Other Considerations
Before committing to MBI, ask your insurance provider these questions:

  • What are the exclusions of the coverage? ("Wear and tear" can mean different things to different insurers)
  • What will the deductible be?
  • How can I make a claim?
  • Are there amounts that I have to pay upfront?
  • What costs does MBI cover? Does this include labor costs?
  • Can I use the repair shop of my choice?
  • For how long can I renew coverage?

Mechanical breakdown coverage varies by insurer, and some companies don't offer it at all. Generally, you'll have better luck with larger insurers like Geico and Progressive.

Contact your insurance agent or company for more details and to learn what's included in the coverage.

Companies That Offer Mechanical Breakdown Insurance

Mechanical breakdown insurance is different at every insurer. Popular plans include:

GEICO Mechanical Breakdown Insurance

  • For new or leased cars less than 15 months old
  • Car must have less than 15,000 miles
  • Plan good for up to seven years or 100,00 miles, whichever comes first

Mercury Mechanical Protection Plan

  • Four coverage levels: Platinum, Gold, Silver, Copper
  • For new or used cars still under warranty (Platinum plan)
  • Plan good for up to seven years or 100,000 miles

USAA Extended Vehicle Protection

  • For new or used cars still under warranty
  • Car must be less than 10 years old
  • Car must have less than 250,000 miles

AAA Vehicle Protection Plan

  • Three coverage levels
  • For any car mileage and year
  • Not available in all states

How to File an MBI Claim

Like other claims, you'd file a mechanical breakdown insurance claim online or by calling your insurer. Here's what you need to do:

  1. Report the breakdown to your insurance company
    You have to get authorization from your auto insurance company before you get your car fixed.

  2. Give detailed information about the breakdown
    Your insurance provider needs a chance to investigate your claim before repairs are made. If you don't let them investigate first, your claim could be denied.

  3. Take your car to the licensed repair shop of your choice
    Be sure to inform the shop that you have mechanical breakdown insurance. Give them your policy number and your insurer's claims department phone number.
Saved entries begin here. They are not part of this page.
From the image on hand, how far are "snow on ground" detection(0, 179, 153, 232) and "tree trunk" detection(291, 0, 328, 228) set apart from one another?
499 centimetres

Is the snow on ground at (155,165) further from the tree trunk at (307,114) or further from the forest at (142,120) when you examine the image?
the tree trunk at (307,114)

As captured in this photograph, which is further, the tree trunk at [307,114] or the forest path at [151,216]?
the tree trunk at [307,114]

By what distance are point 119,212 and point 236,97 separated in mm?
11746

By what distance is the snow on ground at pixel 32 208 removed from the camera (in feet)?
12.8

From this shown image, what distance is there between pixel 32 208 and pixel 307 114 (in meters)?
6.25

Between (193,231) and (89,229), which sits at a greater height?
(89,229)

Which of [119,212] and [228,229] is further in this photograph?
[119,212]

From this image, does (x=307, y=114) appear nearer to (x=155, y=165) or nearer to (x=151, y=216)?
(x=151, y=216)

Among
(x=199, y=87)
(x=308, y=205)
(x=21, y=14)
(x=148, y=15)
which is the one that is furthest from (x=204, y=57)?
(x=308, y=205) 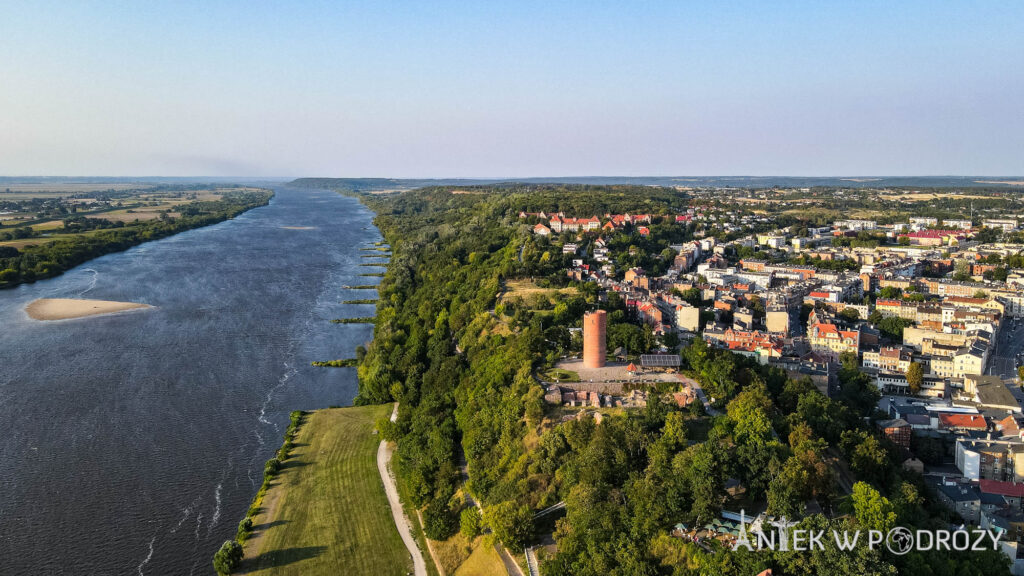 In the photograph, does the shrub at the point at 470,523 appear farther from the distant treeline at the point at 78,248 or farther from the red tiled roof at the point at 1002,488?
the distant treeline at the point at 78,248

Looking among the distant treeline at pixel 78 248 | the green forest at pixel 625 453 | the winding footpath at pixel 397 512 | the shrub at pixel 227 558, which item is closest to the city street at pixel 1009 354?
the green forest at pixel 625 453

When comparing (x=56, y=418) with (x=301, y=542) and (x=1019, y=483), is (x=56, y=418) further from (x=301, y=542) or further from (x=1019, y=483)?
(x=1019, y=483)

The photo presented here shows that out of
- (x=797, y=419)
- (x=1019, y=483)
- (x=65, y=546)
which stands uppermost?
(x=797, y=419)

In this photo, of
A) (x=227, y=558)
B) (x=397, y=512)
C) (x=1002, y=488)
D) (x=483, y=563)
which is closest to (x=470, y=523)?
(x=483, y=563)

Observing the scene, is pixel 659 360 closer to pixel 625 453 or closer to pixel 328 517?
pixel 625 453

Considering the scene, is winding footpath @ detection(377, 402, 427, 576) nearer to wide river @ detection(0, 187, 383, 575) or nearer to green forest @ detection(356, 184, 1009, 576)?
green forest @ detection(356, 184, 1009, 576)

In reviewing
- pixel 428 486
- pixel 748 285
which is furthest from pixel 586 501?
pixel 748 285

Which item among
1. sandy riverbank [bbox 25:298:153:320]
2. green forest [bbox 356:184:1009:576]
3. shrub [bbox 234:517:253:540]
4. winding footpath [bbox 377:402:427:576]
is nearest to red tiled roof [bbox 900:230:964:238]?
green forest [bbox 356:184:1009:576] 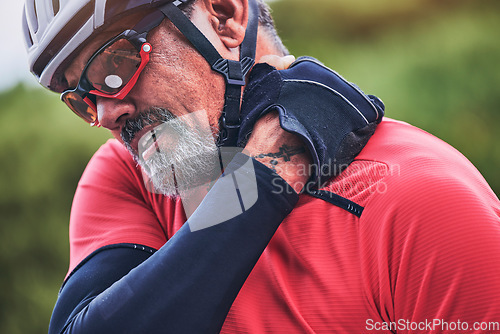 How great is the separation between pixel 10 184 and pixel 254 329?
3.13m

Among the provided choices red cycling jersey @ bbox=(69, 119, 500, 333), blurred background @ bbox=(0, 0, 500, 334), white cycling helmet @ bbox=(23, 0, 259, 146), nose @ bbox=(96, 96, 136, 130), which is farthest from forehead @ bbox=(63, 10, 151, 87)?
blurred background @ bbox=(0, 0, 500, 334)

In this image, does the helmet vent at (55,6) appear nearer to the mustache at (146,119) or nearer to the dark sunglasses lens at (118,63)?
the dark sunglasses lens at (118,63)

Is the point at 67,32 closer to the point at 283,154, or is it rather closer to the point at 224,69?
the point at 224,69

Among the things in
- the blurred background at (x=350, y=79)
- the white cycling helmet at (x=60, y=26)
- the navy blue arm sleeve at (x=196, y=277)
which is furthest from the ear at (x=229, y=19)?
the blurred background at (x=350, y=79)

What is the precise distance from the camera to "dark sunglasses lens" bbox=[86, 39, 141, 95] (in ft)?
4.54

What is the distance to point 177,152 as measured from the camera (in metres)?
1.44

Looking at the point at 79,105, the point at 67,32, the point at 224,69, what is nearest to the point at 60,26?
the point at 67,32

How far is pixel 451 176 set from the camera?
1093mm

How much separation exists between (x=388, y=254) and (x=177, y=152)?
2.38 ft

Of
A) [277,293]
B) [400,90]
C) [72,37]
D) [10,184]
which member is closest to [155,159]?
[72,37]

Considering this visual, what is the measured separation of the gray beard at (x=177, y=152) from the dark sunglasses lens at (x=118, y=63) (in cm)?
13

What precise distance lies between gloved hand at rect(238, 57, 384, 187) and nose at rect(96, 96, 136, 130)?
399 mm

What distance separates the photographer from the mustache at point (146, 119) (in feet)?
4.66

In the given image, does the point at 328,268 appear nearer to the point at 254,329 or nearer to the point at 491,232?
the point at 254,329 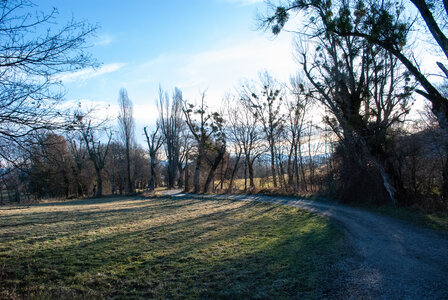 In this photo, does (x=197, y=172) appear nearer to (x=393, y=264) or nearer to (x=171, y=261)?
(x=171, y=261)

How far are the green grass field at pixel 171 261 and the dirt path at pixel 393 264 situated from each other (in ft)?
1.24

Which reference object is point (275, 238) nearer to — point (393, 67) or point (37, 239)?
point (37, 239)

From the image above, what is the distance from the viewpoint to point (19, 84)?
4.48 metres

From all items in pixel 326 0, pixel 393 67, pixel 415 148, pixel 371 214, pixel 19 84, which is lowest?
pixel 371 214

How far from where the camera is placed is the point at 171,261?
18.3ft

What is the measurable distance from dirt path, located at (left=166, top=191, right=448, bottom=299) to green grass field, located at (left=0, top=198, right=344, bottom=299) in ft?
1.24

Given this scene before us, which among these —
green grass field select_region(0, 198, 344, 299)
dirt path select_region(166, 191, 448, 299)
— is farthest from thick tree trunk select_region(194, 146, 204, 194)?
dirt path select_region(166, 191, 448, 299)

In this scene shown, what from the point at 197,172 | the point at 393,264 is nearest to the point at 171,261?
the point at 393,264

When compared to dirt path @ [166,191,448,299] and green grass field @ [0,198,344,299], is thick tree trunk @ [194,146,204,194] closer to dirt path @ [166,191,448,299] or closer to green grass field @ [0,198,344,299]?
green grass field @ [0,198,344,299]

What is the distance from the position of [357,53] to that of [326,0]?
3146 millimetres

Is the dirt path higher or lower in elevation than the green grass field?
lower

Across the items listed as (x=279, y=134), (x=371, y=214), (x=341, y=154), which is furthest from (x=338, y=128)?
(x=279, y=134)

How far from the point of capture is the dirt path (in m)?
3.83

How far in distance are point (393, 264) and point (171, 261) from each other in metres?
4.27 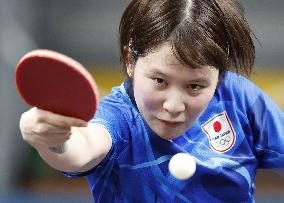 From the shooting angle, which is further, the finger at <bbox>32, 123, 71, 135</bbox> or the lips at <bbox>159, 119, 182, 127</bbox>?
the lips at <bbox>159, 119, 182, 127</bbox>

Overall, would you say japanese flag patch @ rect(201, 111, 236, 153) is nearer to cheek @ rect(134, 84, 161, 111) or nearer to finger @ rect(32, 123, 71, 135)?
cheek @ rect(134, 84, 161, 111)

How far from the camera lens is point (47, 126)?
1.27 m

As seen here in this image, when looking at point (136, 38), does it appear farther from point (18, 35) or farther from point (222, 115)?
point (18, 35)

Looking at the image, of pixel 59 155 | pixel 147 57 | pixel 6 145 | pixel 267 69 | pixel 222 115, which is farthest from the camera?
pixel 267 69

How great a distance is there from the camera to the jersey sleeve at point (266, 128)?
180cm

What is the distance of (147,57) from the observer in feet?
4.95

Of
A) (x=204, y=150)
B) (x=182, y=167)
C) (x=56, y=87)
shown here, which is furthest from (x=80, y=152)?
(x=204, y=150)

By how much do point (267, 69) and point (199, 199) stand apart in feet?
10.4

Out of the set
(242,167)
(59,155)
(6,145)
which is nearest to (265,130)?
(242,167)

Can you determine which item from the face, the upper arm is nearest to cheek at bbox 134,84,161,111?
the face

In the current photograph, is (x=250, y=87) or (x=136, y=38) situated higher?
(x=136, y=38)

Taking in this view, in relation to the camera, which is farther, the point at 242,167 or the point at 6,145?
the point at 6,145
Make sure to let the auto repair shop know that your insurer needs to be contacted with a diagnosis and repair estimate before they begin work on your car.

Once your auto insurance provider hears from them, a claims examiner will decide whether a physical inspection of your car is necessary.

When your car is fixed, you pay your deductible amount to the repair shop. The insurance company pays the remainder of the bill directly to the shop.

Bottom Line

Mechanical breakdown insurance covers most major failures that happen in your car, like transmission issues and electrical system malfunctions.

If you're considering mechanical breakdown insurance, talk to your insurance company to learn about what's covered, how much it would cost, and if there are any fine-print details you need to know.